Yann Varc’h Thorel donne pour exemple le défaut de pronoms entraînant un flou sur le genre : masculin ? féminin ? Et donne pour étayer son propos l’exemple du poème « Dimanche » (星期日) de « spectre en Ville » qui commence par cette phrase à l’énoncé étrange et ambigu : "死了的人是美人". Le mort ? La morte ? Les traducteurs ont opté pour le féminin – "La morte est une beauté" –  , qui correspond à l’idéal esthétique de Gu Cheng. Selon lui, explique Li Jianji, la Chine n’a pas connu Dieu, mais la féminité, et on en trouve une image dans « Le Rêve dans le pavillon rouge ». En outre, l’adjectif měi caractérise généralement une femme, rarement un homme.

 

Cependant, quelques lignes plus bas, dans le même poème, l’énoncé est repris avec une légère modulation (  substitué à ) qui change le sens (et la construction) et implique le pluriel : "死了的人都漂亮" – "les mortes sont jolies". Mais le poème revient ensuite au singulier, noté par le pronom féminin "elle" () : l’ambiguïté est levée. Mais ce n’est pas toujours le cas.

 

Note sur l’édition

 

« Le Dossier Bulin » est paru aux éditions La Barque, comme précédemment le recueil des « Contes illustrés de l’île aux eaux tumultueuses »[4]. On reconnaît le choix subtil du papier et des couleurs. Les « contes » avaient pour leur part bénéficié d’un soin particulier dans la mise en page des dessins de Gu Cheng illustrant les textes. L’éditeur s’était appliqué à en souligner le trait de manière à faire ressortir le dessin sur la page bien mieux que dans l’édition chinoise.

 

Pour ces publications, les traducteurs travaillent en lien avec la sœur de Gu Cheng, Gu Xiang (顾乡). Pour « Bulin », c’est Gu Xiang qui leur a fourni, en particulier, le « modèle » qui illustre la couverture du livre, le dos du moule figurant sur une page intérieure. Comme expliqué dans le texte « Le plomb » qui figure en annexe du recueil[5], à l’âge de douze ans, Gu Cheng a voulu couler un portrait de Bulin dans du plomb, ou plutôt dans un alliage de cuivre et de laiton, et il a commencé par en graver un moule dans un pain de savon subtilisé sur le quota mensuel de la famille. Mais, la sœur aînée s’étant exclamée que cela ressemblait au président Mao, la mère affolée a fait disparaître le moule.
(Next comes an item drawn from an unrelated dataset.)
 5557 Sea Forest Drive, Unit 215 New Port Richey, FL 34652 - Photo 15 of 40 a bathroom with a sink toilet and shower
Cependant, relate Yann Varc’h Thorel, elle ne l’avait pas détruit : quand elle est décédée, en 2016, Gu Xiang l’a découvert sous son lit. C’est donc lui qui illustre « Le dossier Bulin », de manière inédite.

 

Une nouvelle traduction est annoncée pour bientôt, chez le même éditeur : « Mercure »…

 


[1] Recueils qui étaient au programme de la séance du Club de lecture (CLLC) du 21 juin 2023 consacrée à Gu Cheng et à son œuvre.
Quant au traducteur et à la traductrice, on en trouve une
présentation sur le site du Fonds Sylvie Gentil
dont ils ont été lauréats d’une bourse de résidence en 2022.

[2] Protégée aussi, sans doute, des atteintes du pouvoir.
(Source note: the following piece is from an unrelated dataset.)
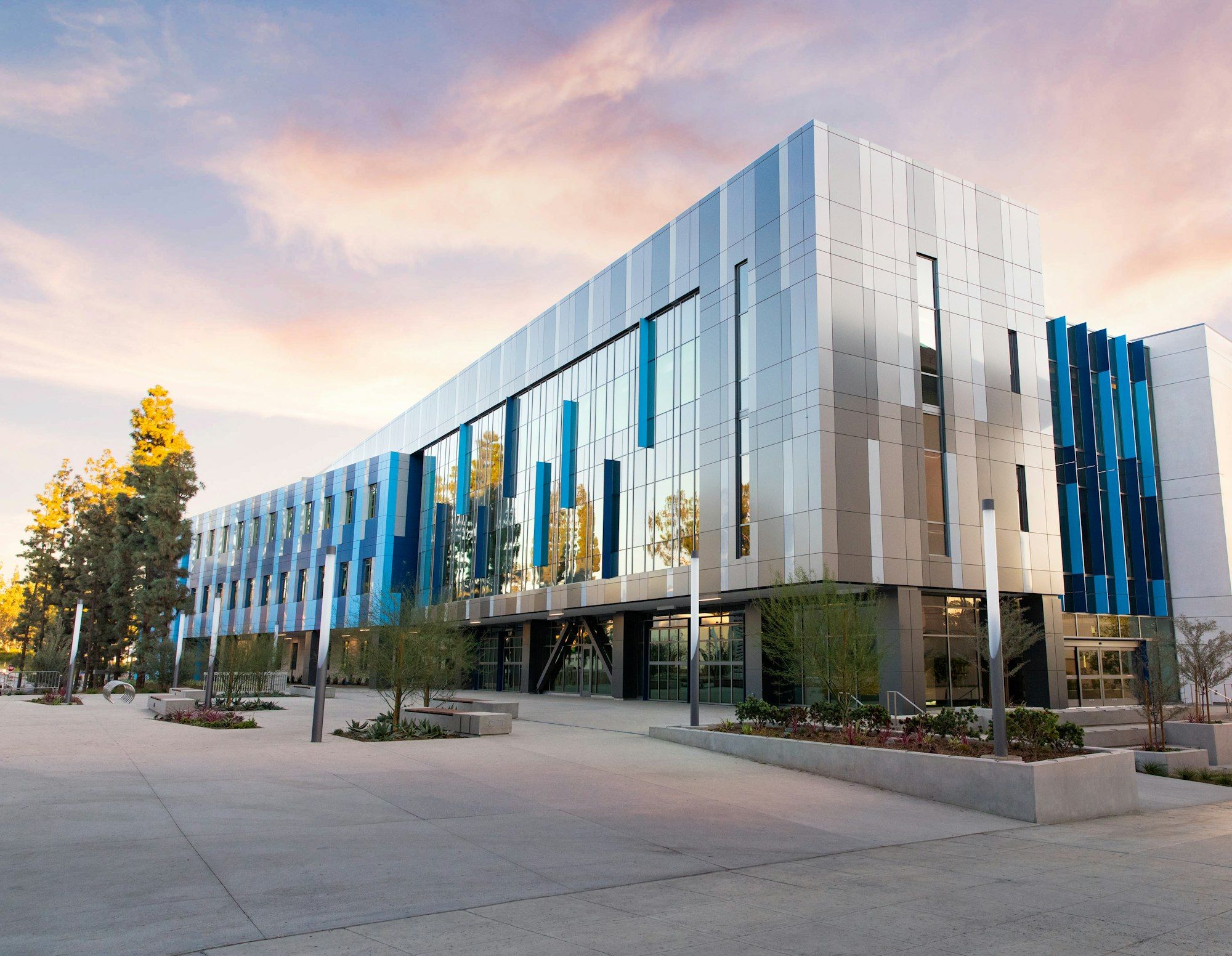 Modern three-story commercial office building with a metal and glass facade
[3] Voir la préface de Spectre en ville (p. 13).

[4] Mais qui, lui, n’était pas en édition bilingue.

[5] Texte écrit par Gu Cheng en 1992, en Allemagne. Il en est donné un extrait, mais seulement en traduction, de même que, à la page précédente, la lettre de 1983 de Gu Cheng à son éditeur concernant Bulin.